Still, it has been hard preparing for a future that is both murky and very complex.

The government arranged a webinar for finance firms in October, with a pre-recorded speech and slides on topics such as accounting, emblazoned with the branding, "UK's new start, let's get going", according to one attendee who asked not to be named.

The content was too general to be useful, the person said.

The trade deal offers some certainty to the broader economy, which will indirectly help the banks.

"Reaching a trade deal is important for our corporate clients, as they will want to avoid the impacts of tariffs on cross border trade in goods," said Mr James Bardrick, head of the UK at Citigroup.

And the deal may also help unlock what Mr Bardrick and his peers want most: an EU declaration that UK regulations are robust, known as equivalence.

This ruling would enable business to continue largely as usual, but it's in the hands of the EU, which can also withdraw equivalence at short notice.

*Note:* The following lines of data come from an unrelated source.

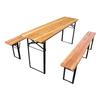 Foldable beer tent set 177 cm, 3-piece: 1 folding table + 2 beer benches, weatherproof solid pine, space-saving, beer table set festival tent garden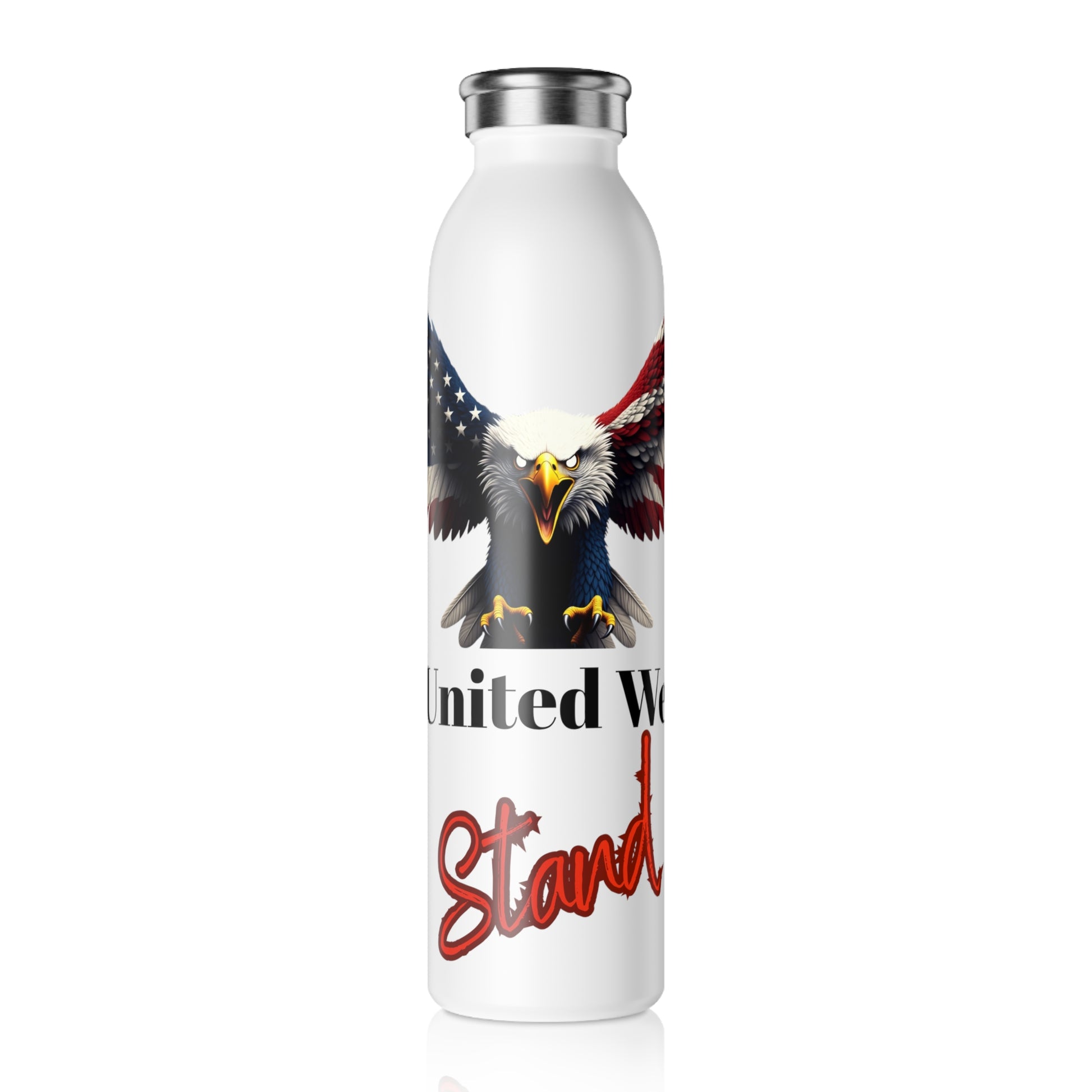 United We Stand Patriotic Eagle on a 20oz Stainless Steel Water Bottle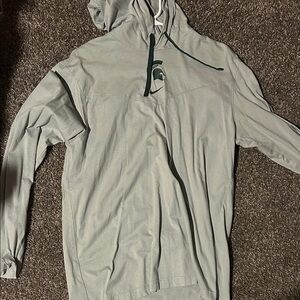 Michigan State Gray Hooded Long Sleeve Shirt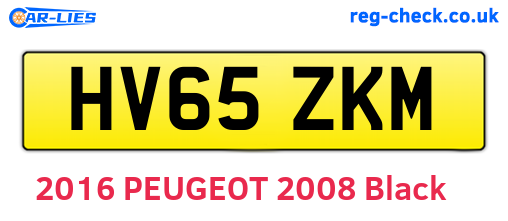 HV65ZKM are the vehicle registration plates.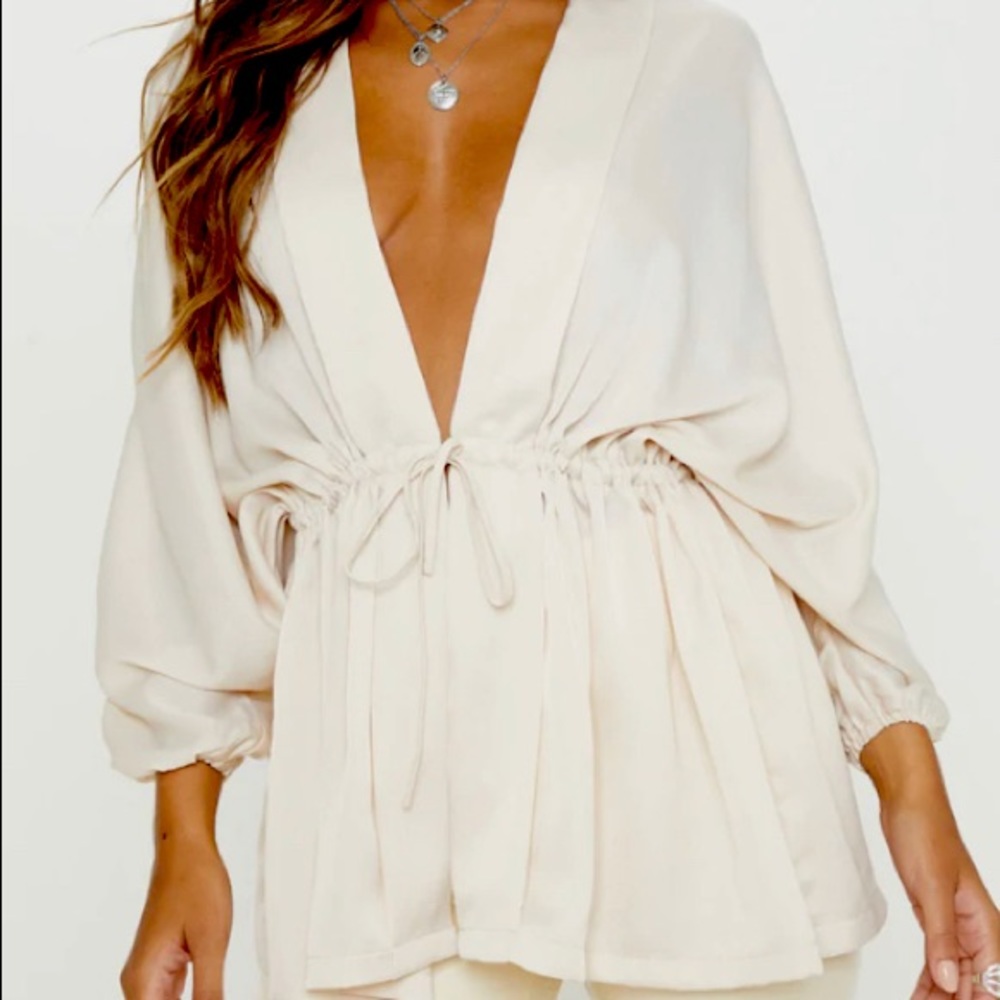 Plunge waist blouse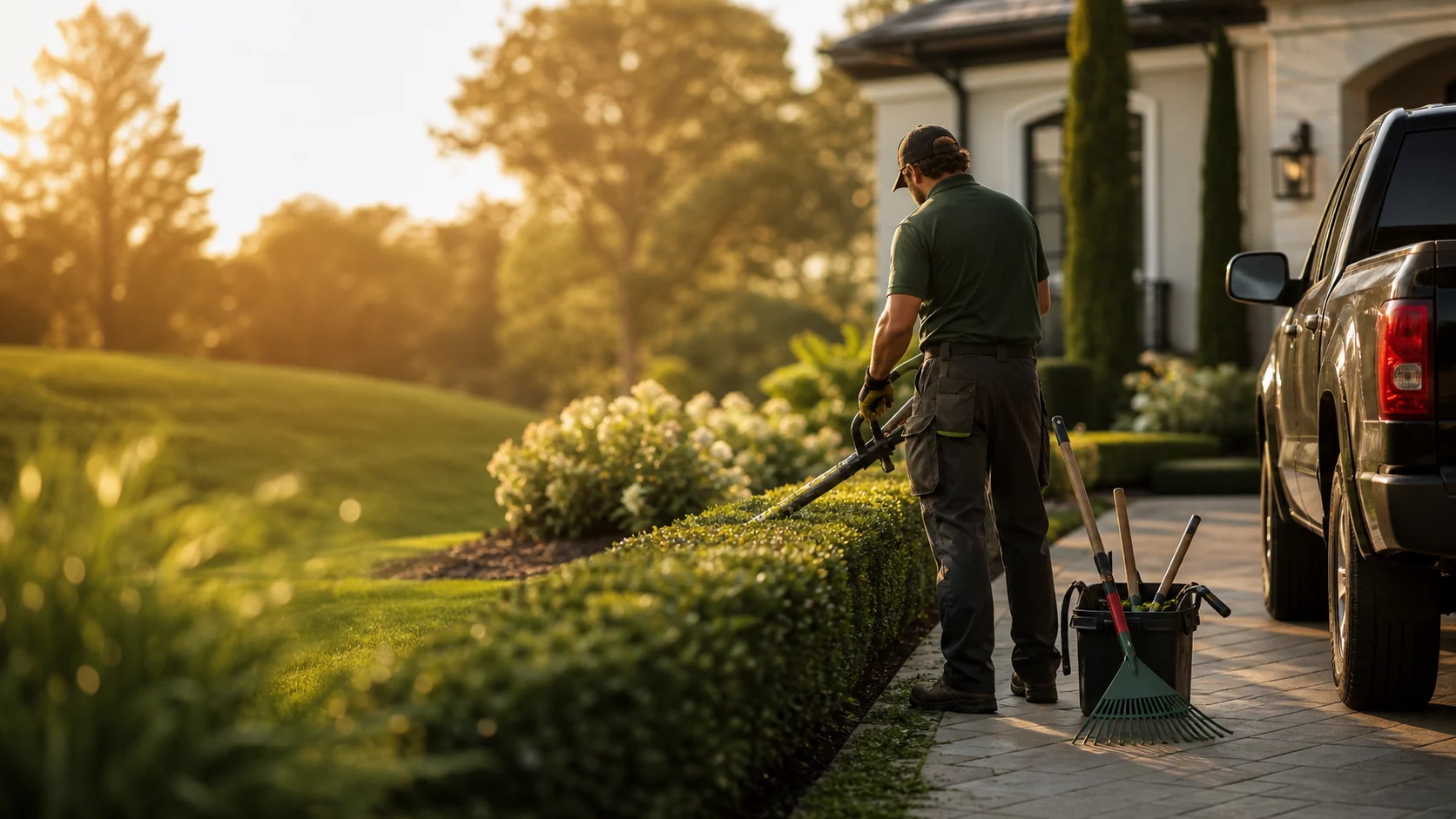 A groundskeeper trimming a hedge in morning light beside a truck and tools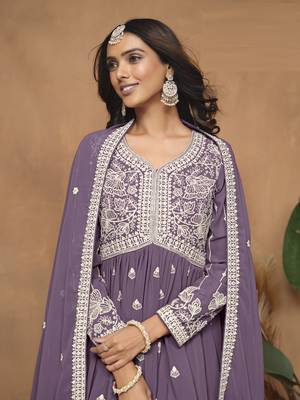 Lavender embroidered faux georgette sharara suit 4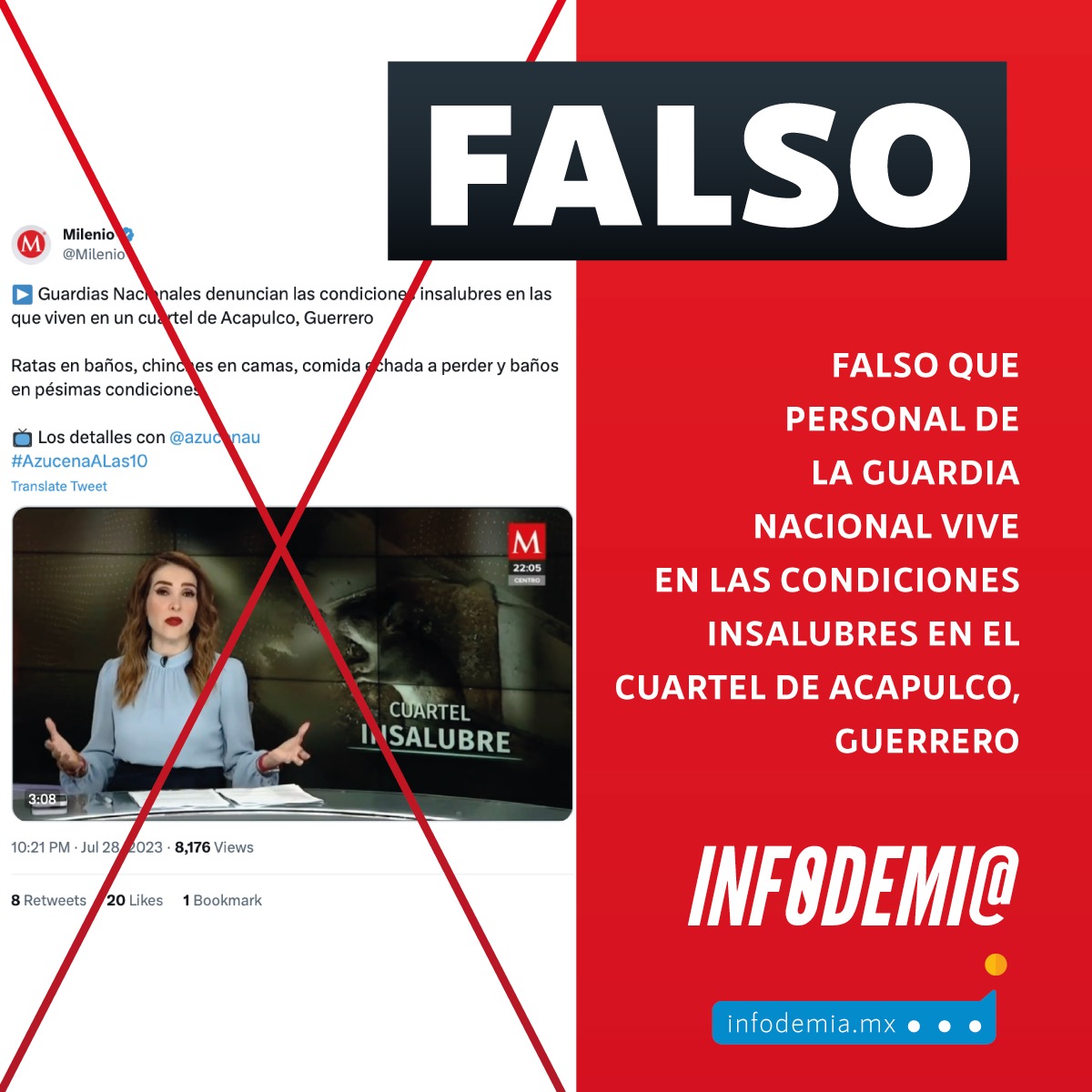 InfodemiaMx (@infodemiamex) on Twitter photo ❌Falso que personal de la #GuardiaNacional vive en la condiciones insalubres en el Cuartel de Acapulco, Guerrero
✅El video que circuló en medios de comunicación donde integrantes de la <a href="/GN_MEXICO_/">Guardia Nacional</a> denunciaron las condiciones insalubres en las que vivían, se trató de un montaje ❌Falso que personal de la #GuardiaNacional vive en la condiciones insalubres en el Cuartel de Acapulco, Guerrero
✅El video que circuló en medios de comunicación donde integrantes de la <a href="/GN_MEXICO_/">Guardia Nacional</a> denunciaron las condiciones insalubres en las que vivían, se trató de un montaje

Over the long haul, much will depend on the course of political horse-trading for finance and what regulators and supervisors expect, according to Mr Bardrick.

"We and the rest of the industry may need to evolve our plans and staffing levels to serve our clients in Europe effectively," he said.

It's that lingering uncertainty that is set to define the City of London's future even as the UK begins to negotiate trade accords in earnest.

"Four years ago, a nation decided to shoot itself in the foot and see if it could run a race," said Mr Michael Mainelli, executive chairman of finance consultancy Z/Yen, who was elected sheriff of the City of London in 2019.

"Brexit is an unnecessary distraction. Nobody has shown me a single advantage economically in any shape or form."